Charles Austin Beard (1874–1948)
Historian | PhD 1904
Faculty 1904–17, 1939
Lit D (hon.) 1944
(Wrote "The Republic" While living at the Pine Crest Inn)
As a scholar and historian, Charles A. Beard transformed the teaching and study of American history by stressing the "whole man," including the relationship of economic interests to politics. This approach first appeared in his study of the men who attended the 1787 Constitutional Convention, An Economic Interpretation of the Constitution (1913). The book was attacked by critics, including University president Nicholas Murray Butler and former U.S. president William Howard Taft, for positing that the U.S. Constitution was the product of the founders' economic commitments and conflicts. Columbia's trustees considered it to be an assault on the Founding Fathers. Despite the controversy, it became required reading in high schools and colleges and a classic in the field. Beard pursued his argument further in Economic Origins of Jeffersonian Democracy (1915, reprinted 1965) and The Economic Basis of Politics (1922). His other well-known work, The Rise of American Civilization (1927), was co-written with his wife, the former Mary Ritter. Beard also pursued his interest in city government through his involvement with the New York Bureau of Municipal Research and its Training School for Public Service, both of which he later directed. After World War I, he helped to found the New School for Social Research, which became a haven for refugee scholars fleeing Nazi Germany. Upon leaving academe, he engaged in scholarly research as a means to advance social action. In the 1930s, increasingly worried that the New Deal would be shunted aside to prepare for war, the liberal Beard attacked Roosevelt and was labeled an isolationist. Beard wrote 47 books in all—seven with Mary, a suffragette and historian—and 24 with other collaborators, in addition to more than 150 articles and 60 book reviews.

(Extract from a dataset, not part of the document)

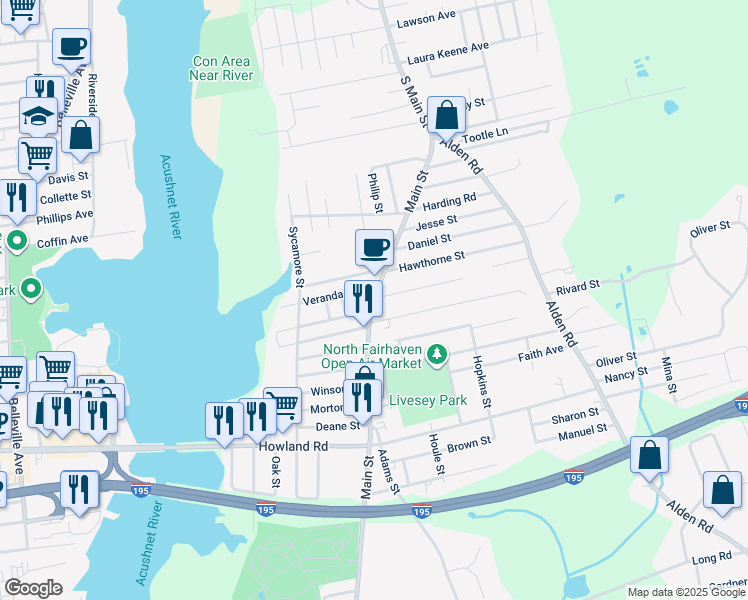 map of restaurants, bars, coffee shops, grocery stores, and more near 407 Main Street in Fairhaven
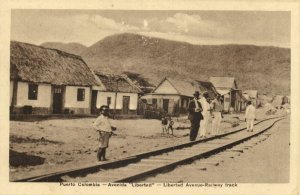colombia, PUERTO COLOMBIA, Avenida Libertad, Railway (1920s) Postcard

After completing his PhD in 1904, Beard lectured at Columbia for three years before securing a professorial appointment in the Department of Public Law. Once on the faculty, he inaugurated undergraduate instruction in politics and espoused the "new history," with its consideration of the influence of economic and social factors. He was also a popular teacher: "There was an Olympian quality to his presence on the lecture platform," wrote one biographer. "He was always the orator, never merely a speaker." In October 1917, Beard resigned from Columbia to protest the Board of Trustees' dismissal of two professors opposed to World War I, even though he himself favored American involvement in the war. He returned to Columbia as a visiting professor of government for one semester, in 1939.